German woman loses appeal of 14-year sentence for death of Yazidi girl in Iraq

A German federal court said Wednesday it had rejected a woman’s appeal of her 14-year sentence for allowing a five-year-old Yazidi girl she and her husband enslaved when they were members of ISIS in Iraq to die of thirst in the sun.

The defendant, a German convert to Islam, was convicted in October 2021 of, among other things, two counts of crimes against humanity through enslavement — one case resulting in death — and membership in a terrorist organization abroad.

She was initially given a 10-year sentence, which was overturned by the Federal Court of Justice on the grounds that judges had erred in sentencing the defendant for a “less severe case” of crimes against humanity and overlooked aggravating circumstances.

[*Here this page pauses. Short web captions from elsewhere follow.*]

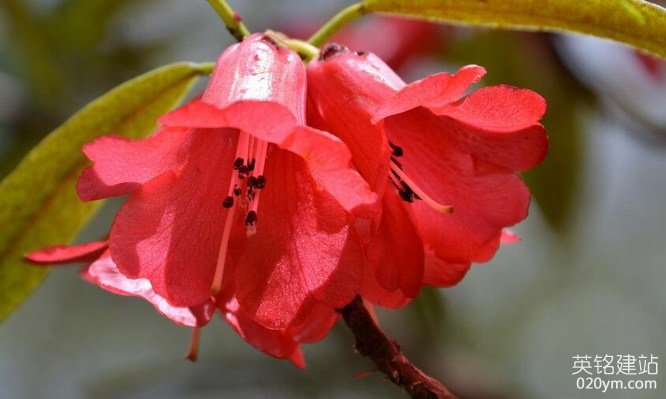 777久久久精品一区二区三区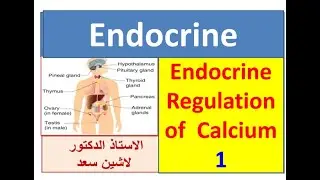 Endocrine regulation of calcium 1 /Lashin  د.لاشين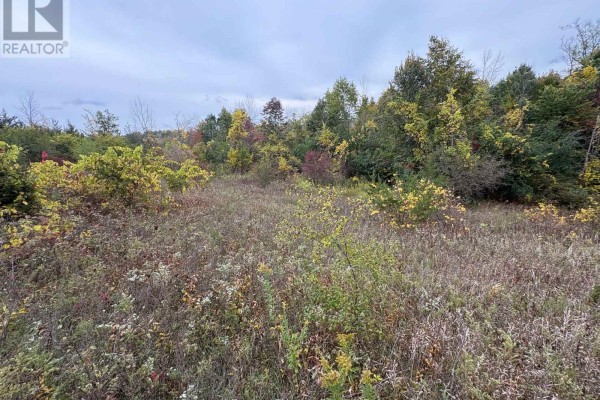00 Ingham Road (lot 2 - East), Alnwick/haldimand, ON, photo 2
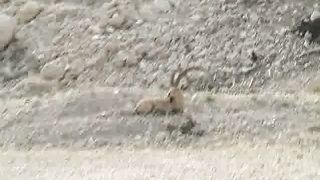 Добро пожаловать в Израиль 9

A new sentencing hearing for the woman, identified only as Jennifer W. in line with German privacy rules, ended in August with the 14-year sentence.

The court said Wednesday it rejected her appeal as “manifestly unfounded.” The statement on the ruling didn’t specify on what grounds she appealed.

The girl died in Fallujah, Iraq, in August 2015. At the original trial, the court found that the defendant did nothing to help the girl — who had been chained by her husband in their courtyard — although doing so would have been “possible and reasonable.”

The couple also enslaved the girl’s mother.

Jennifer W., now 32, was taken into custody while trying to renew her identity papers at the German Embassy in Ankara in 2016 and deported to Germany.

Her former husband, an Iraqi citizen identified only as Taha Al-J., was convicted by a Frankfurt court in November 2021 of genocide, crimes against humanity, war crimes and bodily harm resulting in death. He was sentenced to life imprisonment.